━━ THE DATA

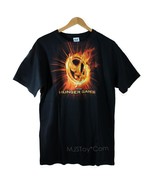 NEW Hunger Games Logo Fire Mockingjay Men T-shirt May the odd be in your... - £15.97 GBP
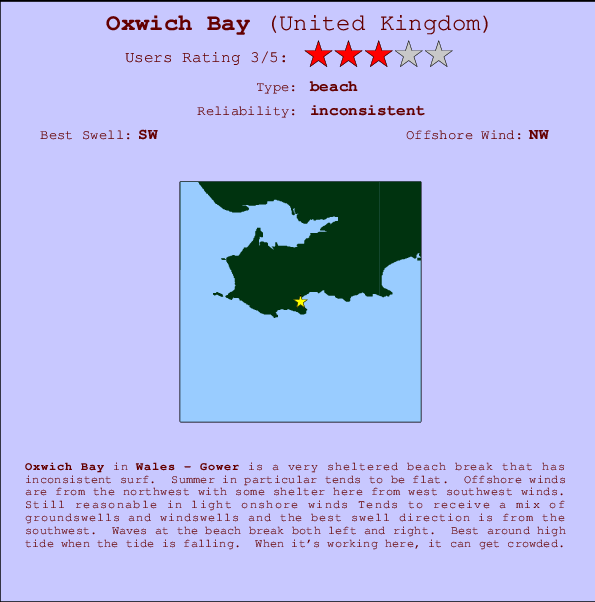 Oxwich Bay previsione surf e surf reports (Wales Gower, UK)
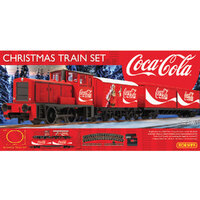 HORNBY CHRISTMAS COKE TRAIN SET - 42-R1233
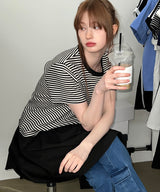 ストライプTシャツ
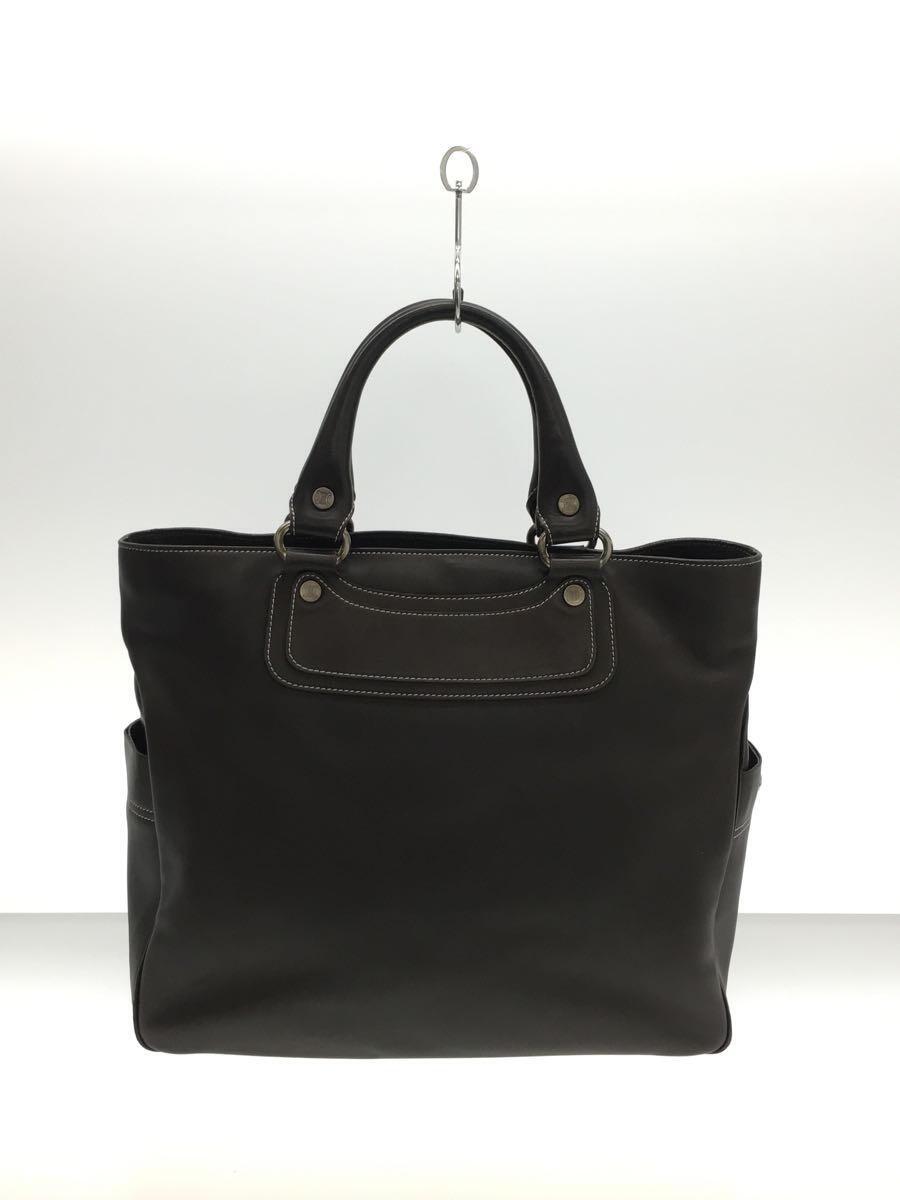 特売 CELINE◇ブギーバッグ/トートバッグ/牛革/BRW その他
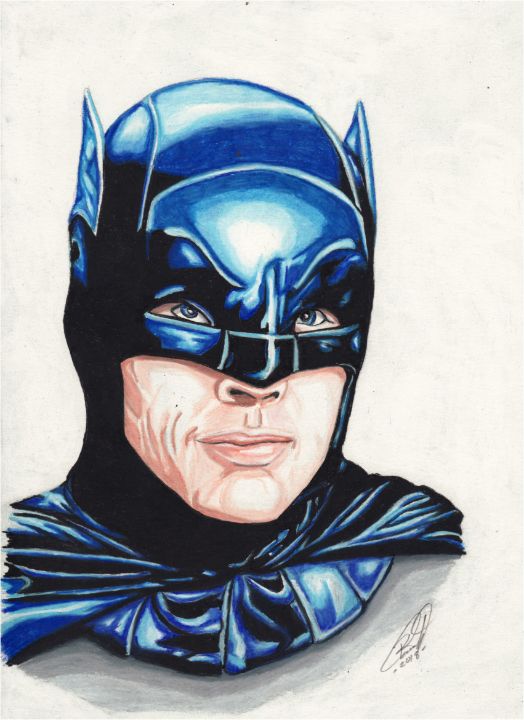 Adam West as Batman - Artist at Large Studio - Paintings & Prints,  Entertainment, Television, Action TV Shows - ArtPal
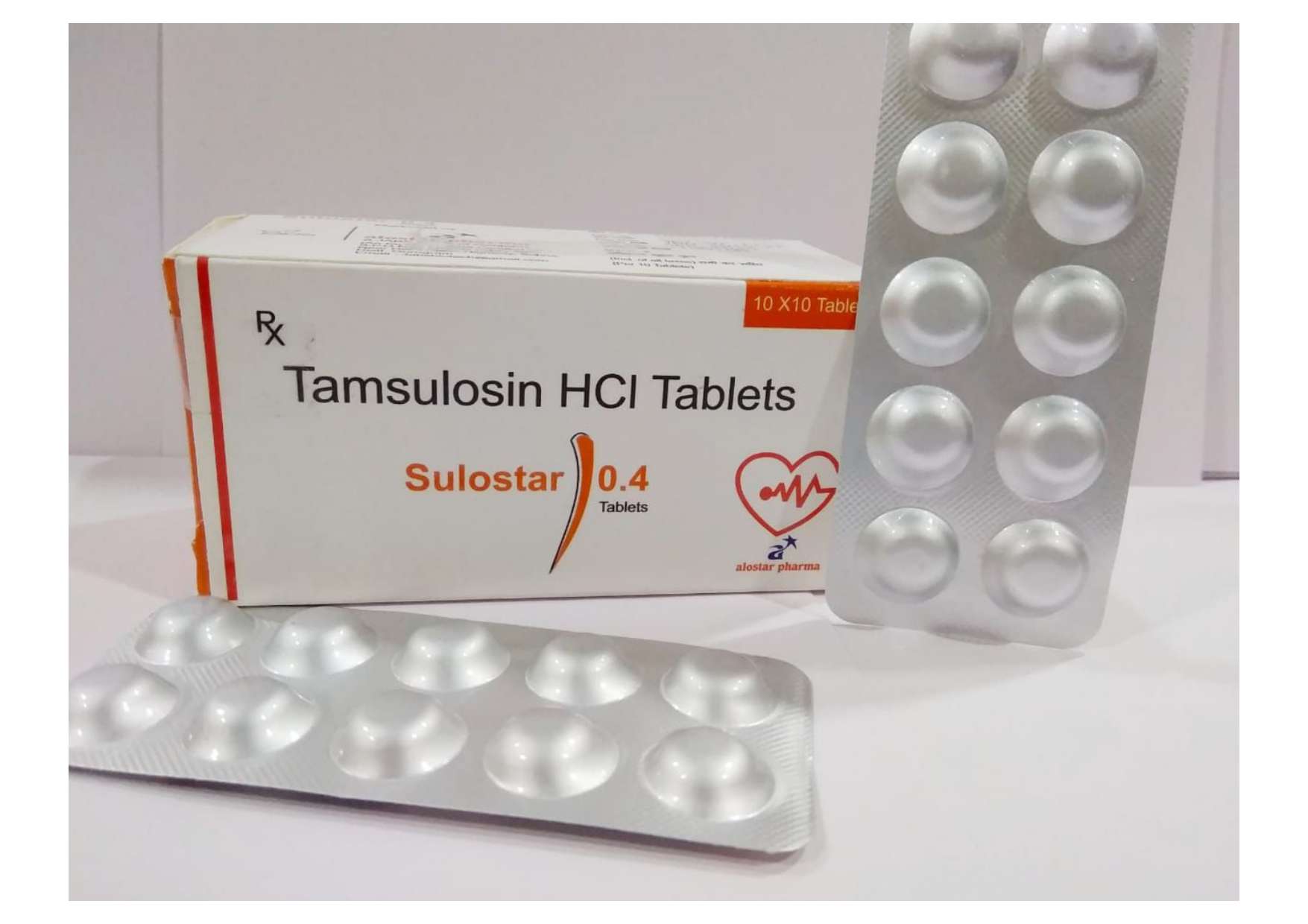 tamsulosin hydrochloride 0.4tablets (alu-alu)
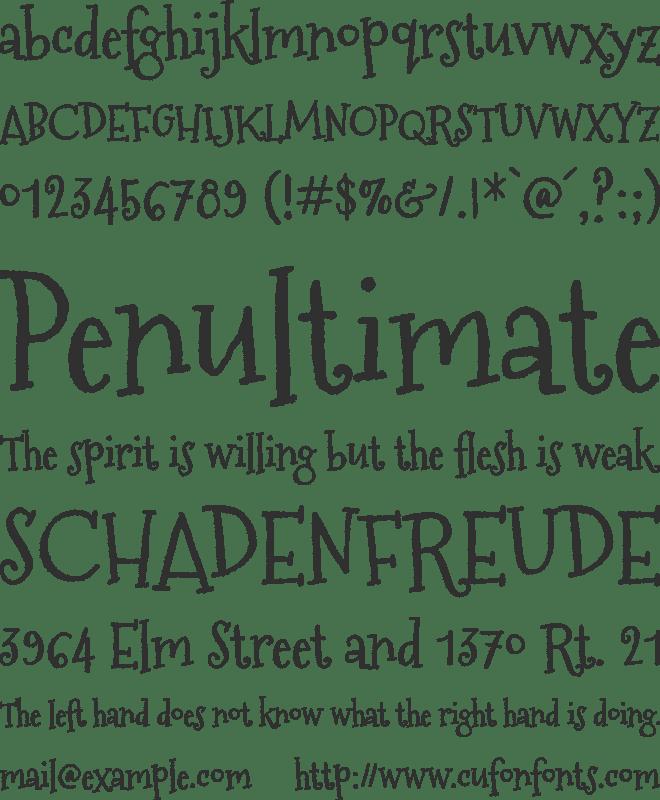 Mountains of Christmas font preview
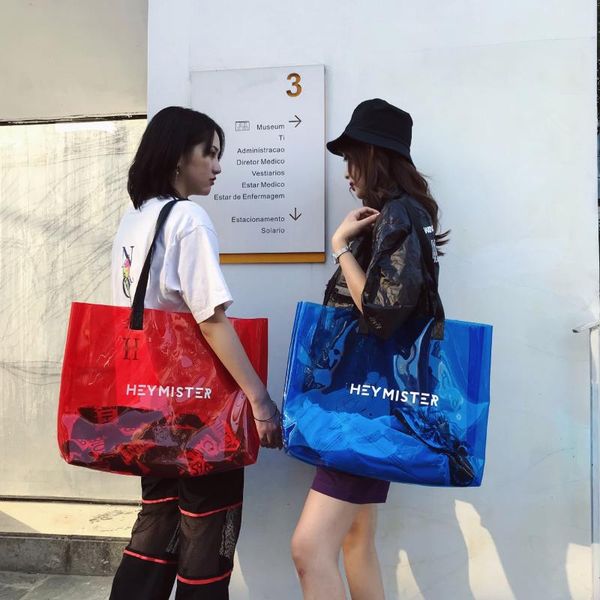 portable handbags shoulder diagonal package large capacity beach bag pvc transparent jelly package
portable handbags shoulder diagonal package large capacity beach bag pvc transparent jelly package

━━━━

HOW TO COMPLETE THIS TASK -
Quote each entry above verbatim and drop the pictures.

TASK RESULT -
 NEW Hunger Games Logo Fire Mockingjay Men T-shirt May the odd be in your... - £15.97 GBP
 Oxwich Bay previsione surf e surf reports (Wales Gower, UK)
 HORNBY CHRISTMAS COKE TRAIN SET - 42-R1233
 ストライプTシャツ
 特売 CELINE◇ブギーバッグ/トートバッグ/牛革/BRW その他
 Adam West as Batman - Artist at Large Studio - Paintings & Prints,  Entertainment, Television, Action TV Shows - ArtPal
 tamsulosin hydrochloride 0.4tablets (alu-alu)
 Mountains of Christmas font preview
 portable handbags shoulder diagonal package large capacity beach bag pvc transparent jelly package
portable handbags shoulder diagonal package large capacity beach bag pvc transparent jelly package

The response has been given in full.